Rachel, représentant le monde révélé, donna naissance à Yosef et Binyamin, dont la mission consistait à se préserver des impuretés extérieures.
L’épreuve majeure de Yosef fut de résister à la tentation que représentait la femme de Potiphar. Il résista à cette épreuve pendant près d’un an, bien qu’il fût sur le point de céder vers la fin. Sa victoire dans cette épreuve ardue fut grandement récompensée : il reçut l’honneur d’engendrer deux tribus.
En tant que père de l’un des deux rois messianiques, Yosef transmet une sagesse essentielle sur la préservation de la brit milah, particulièrement cruciale pour les hommes. Rabbi Na’hman de Breslev enseigne que les efforts de Yosef donnent aux hommes la force nécessaire pour préserver leur propre brit milah.

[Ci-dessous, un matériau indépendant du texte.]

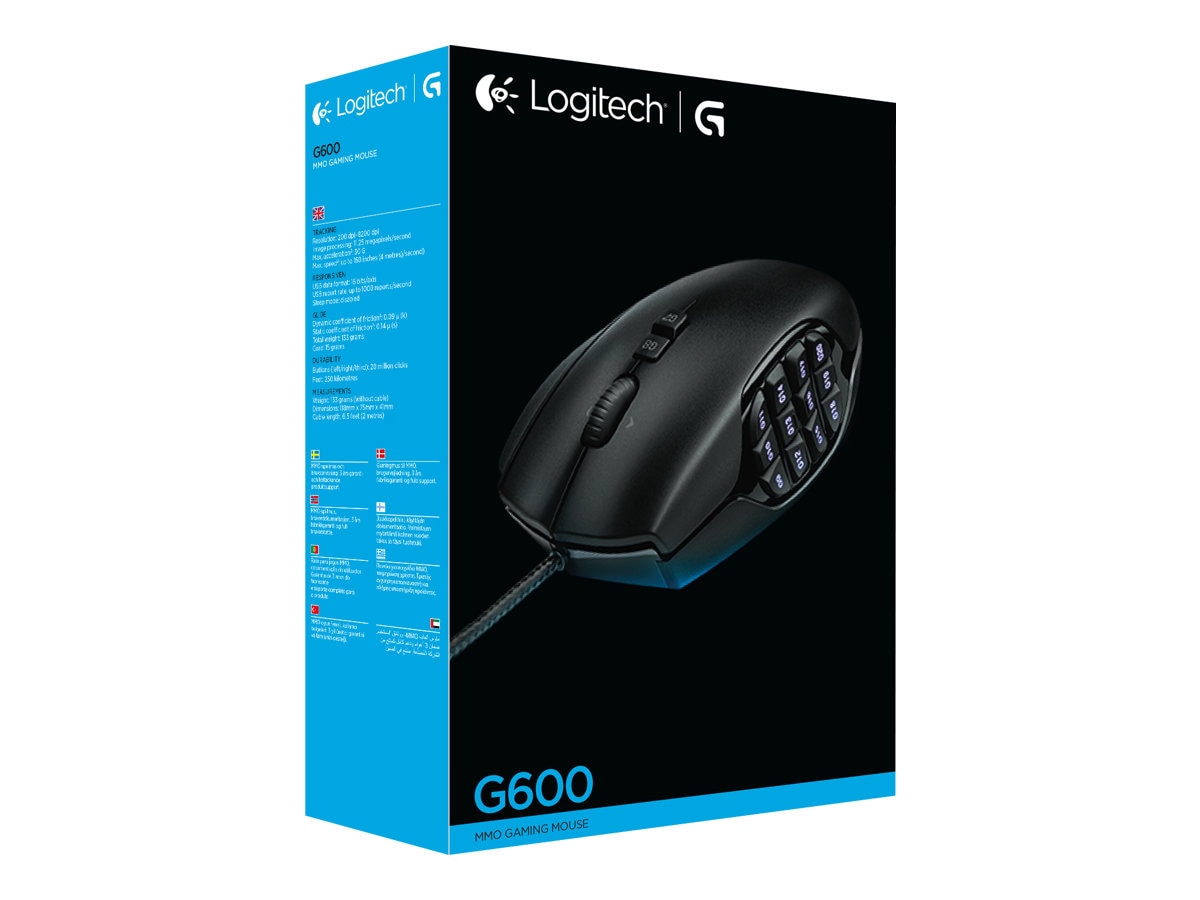 logitech g600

À l’opposé, Léa enfanta six tribus : Reouven, Shimon, Lévi, Yehouda, Issakhar et Zevouloun. Parmi eux, Yehouda se distingua particulièrement, devenant l’ancêtre du roi David et du Messie final. Le rôle de David était de s’aventurer dans le monde, de mener les combats et de guider le peuple. Même les autres tribus jouaient des rôles importants, reflet de l’association de leur mère avec le monde caché.
Midrash sur les deux épouses d’Adam
Un Midrash fascinant suggère qu’avant ‘Hava (Ève), Adam eut une autre épouse, elle aussi nommée ‘Hava. Toutefois, sa sévérité et sa personnification du Jugement sans atténuation (Guevouroth) entraînèrent un conflit entre eux. Le différend atteignit un tel point qu’Adam, utilisant un Nom divin, la tua, ce qui la transforma en reine des démons, qui tente les hommes dans leur sommeil.
Son nom reste tabou afin de ne pas l’attirer, mais il s’agit de Lilith (à ne pas prononcer).
À la suite de cet événement, Hachem donna à Adam la seconde ‘Hava, celle mentionnée dans la Torah.
La reine des démons, en quête de réparation, se réincarna selon les enseignements de l’Arizal, sous la forme de Léa, afin d’accomplir son Tikkoun. Elle était destinée à épouser le méchant Esav, mais grâce à ses prières (Tefilah), elle changea son destin et devint l’épouse de Yaakov. Ses yeux affaiblis, résultat de ses prières, symbolisent sa lutte. Malgré cela, elle atteignit un niveau spirituel plus élevé que sa sœur, tout comme la reine des démons possédait une élévation spirituelle supérieure à celle de ‘Hava, parvenant ainsi à réaliser pleinement son potentiel.
En essence, les récits de Rachel et Léa dans la Torah dévoilent des dimensions bien plus profondes que ce que l’on perçoit à première vue, illustrant l’incroyable profondeur de la sagesse divine.
Même si nous n’en saisissons qu’un fragment, cette sagesse suffit à nourrir la méditation et l’inspiration, nous guidant dans notre Avodat Hachem et nous rappelant que la Torah est infiniment plus que ce que les yeux peuvent voir.